No obstante, el viaje continuó. Los expedicionarios alcanzaron el puerto de Jafa, lugar de llegada de los que viajaban a los Santos Lugares. De Jafa a Jerusalén mediaban unos ochenta kilómetros que realizaron a caballo y de noche por temor a los saqueadores y al intenso calor. En Belén, De la Rada tuvo una curiosa evocación de Andalucía: «La pequeña ciudad de Judea asentada en una altura y esparcida por la accidentada vertiente de una montaña, con sus casas blancas y sus terrados como los de mi inolvidable Almería, allá en las orillas opuestas del Mediterráneo».

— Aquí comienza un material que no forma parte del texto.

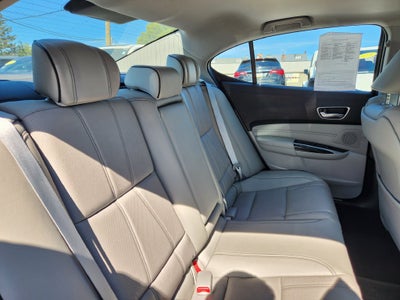 2018 Acura TLX 3.5L V6 w/Technology Package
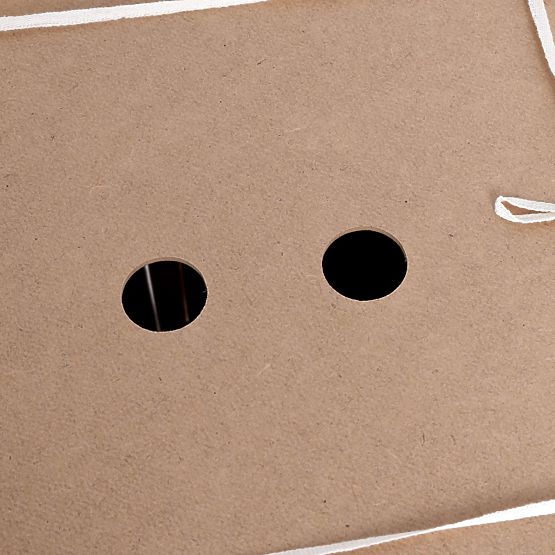 Cesto angolare in bambù per biancheria con coperchio bianco-grigio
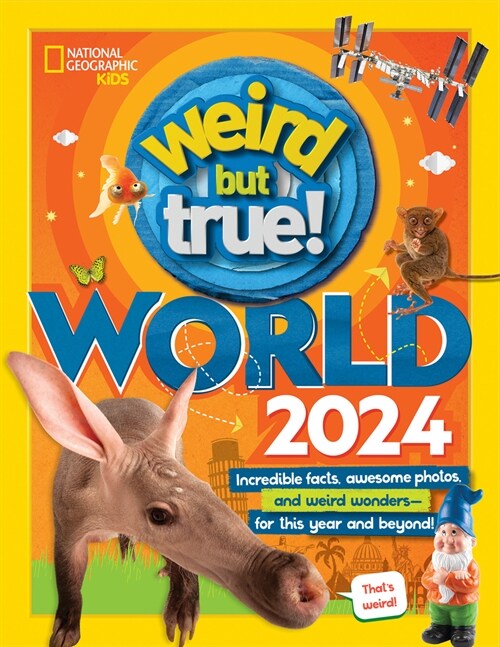 Weird But True World 2024 (Hardcover)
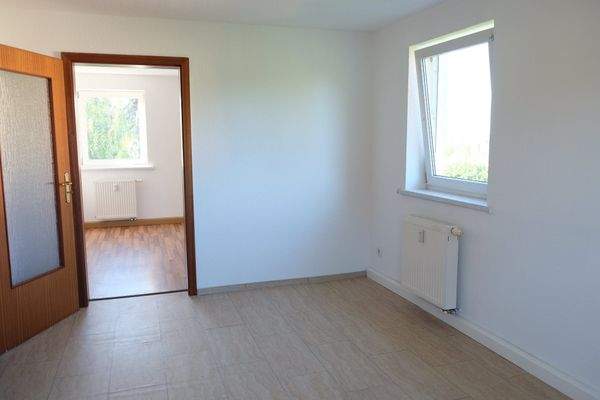 Blick zum Wohnzimmer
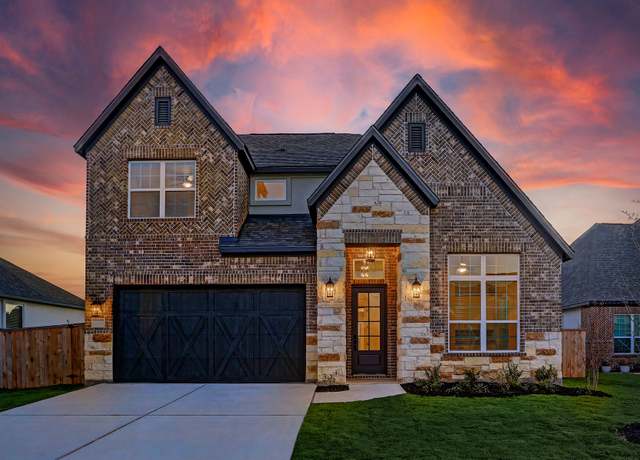 Property at Saurel Plan, Manor, TX 78653, 3 beds, 3 baths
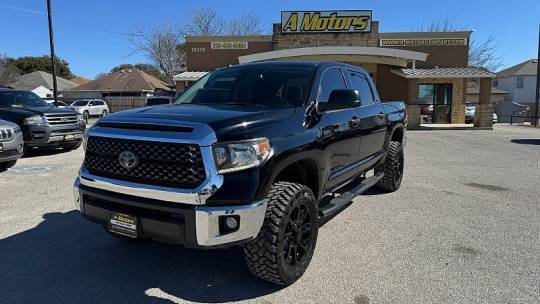 2018 Toyota Tundra SR5 — Pickup Truck — 140,746 mi — San Antonio, TX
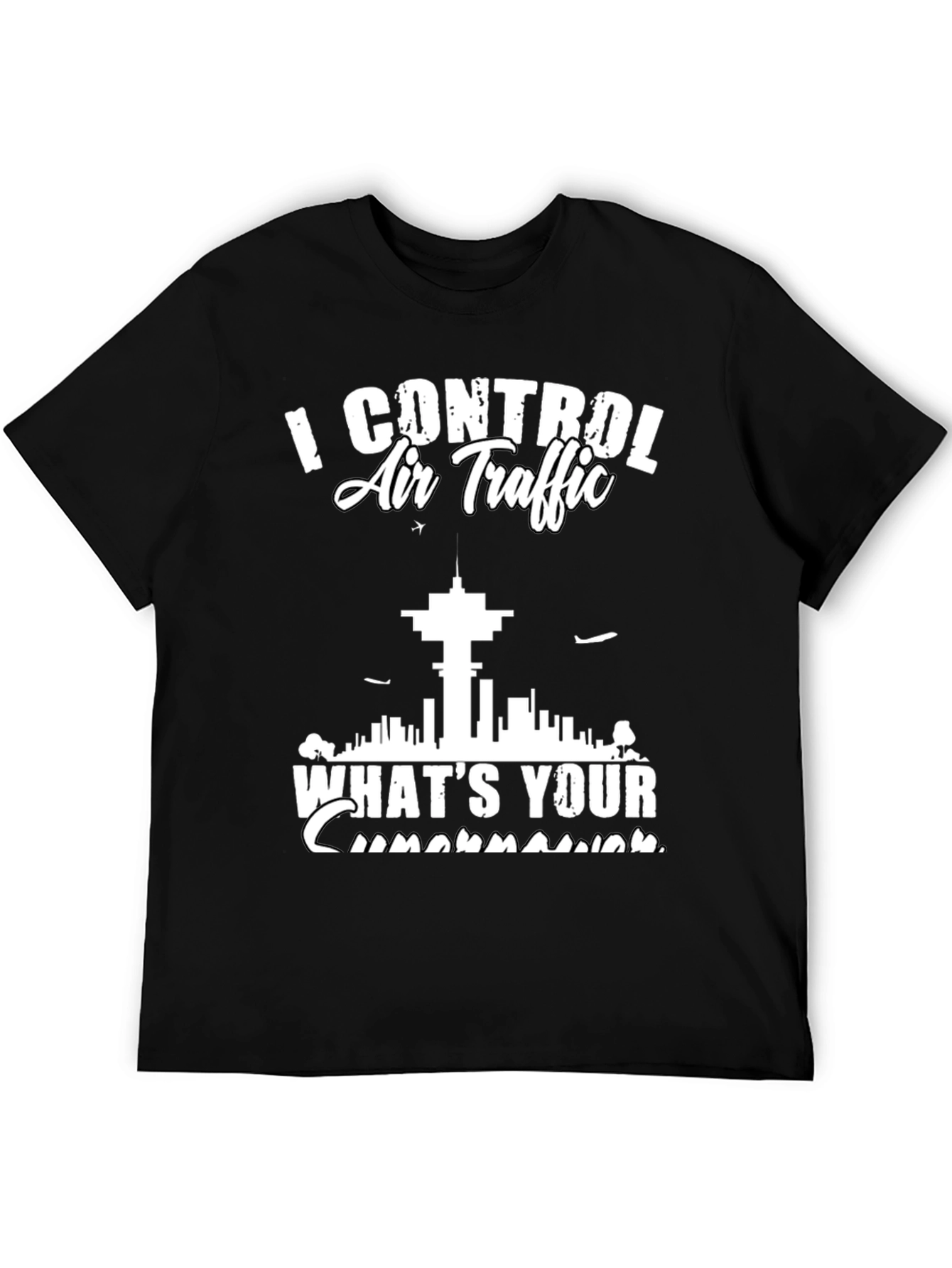 Air Traffic Controller Funny T-Shirt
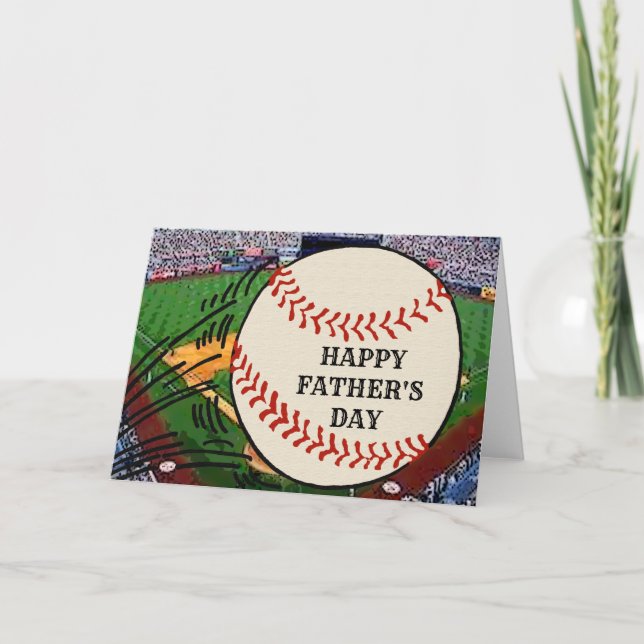 Carte Baseball (Devant)
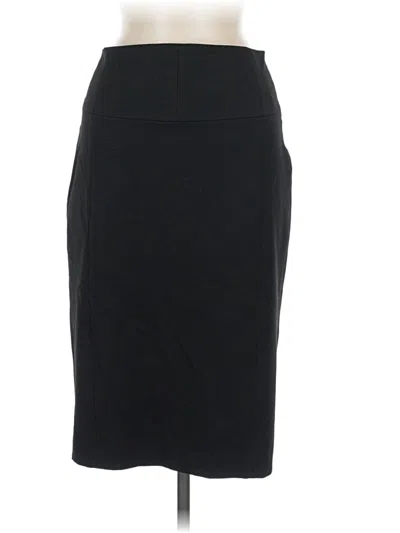 Pre-owned Express Formal Skirt In Black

Finalmente, la expedición del Arapiles llega a Alejandría, desde donde en un principio pensaban continuar hasta El Cairo y dedicarse a comprar antigüedades egipcias para el museo. Pero a esas alturas apenas quedaba dinero para el regreso. De hecho, en algunos momentos habían tenido que navegar aprovechando el viento con el fin de no consumir carbón.

No había otra opción. La expedición estuvo dos días en Alejandría y sólo se pudo comprar la cabeza de una estatua masculina de época ptolemaica que hoy se exhibe en el museo. Así terminó el sueño de Juan de Dios de la Rada.

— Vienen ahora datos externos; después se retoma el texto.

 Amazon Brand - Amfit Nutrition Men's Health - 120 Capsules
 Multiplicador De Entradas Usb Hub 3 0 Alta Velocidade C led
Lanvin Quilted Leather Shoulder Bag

Por eso su libro de viaje se convirtió en un desahogo, una forma de divulgar una historia desconocida. En la obra De la Rada lamentaba las condiciones a las que tuvo que enfrentarse la expedición. Sin embargo, siempre albergó la esperanza de que el viaje del Arapiles fuera el comienzo de un programa de expediciones coleccionistas. Pero no fue así. El viaje quedó en la rara historia del coleccionismo español como un caso aislado y curioso sucedido en la extraña y convulsa España de Amadeo de Saboya.

La concepción arqueológica de De la Rada aún está impregnada del coleccionismo y el anticuarismo que consiste en la acumulación de objetos descontextualizados que sólo busca la obra bella. Sin embargo, poco a poco iría progresando hacia un sistema más científico con métodos que aprendió en su viaje. En el inventario de materiales para el museo aparecían 60 vasos griegos, 30 vasos de cerámica chipriota, esculturas, monedas, vaciados en yeso de los relieves de la Acrópolis y otras piezas escultóricas y arquitectónicas.

Cuando en 1894 fue designado director del Museo Arqueológico, Juan de Dios de la Rada pasaba largo tiempo contemplando aquella valiosa cabeza de una estatua masculina de época ptolemaica. Quién sabe si hablaba con ella recordando con nostalgia sus pasados viajes de epopeyas y amarguras.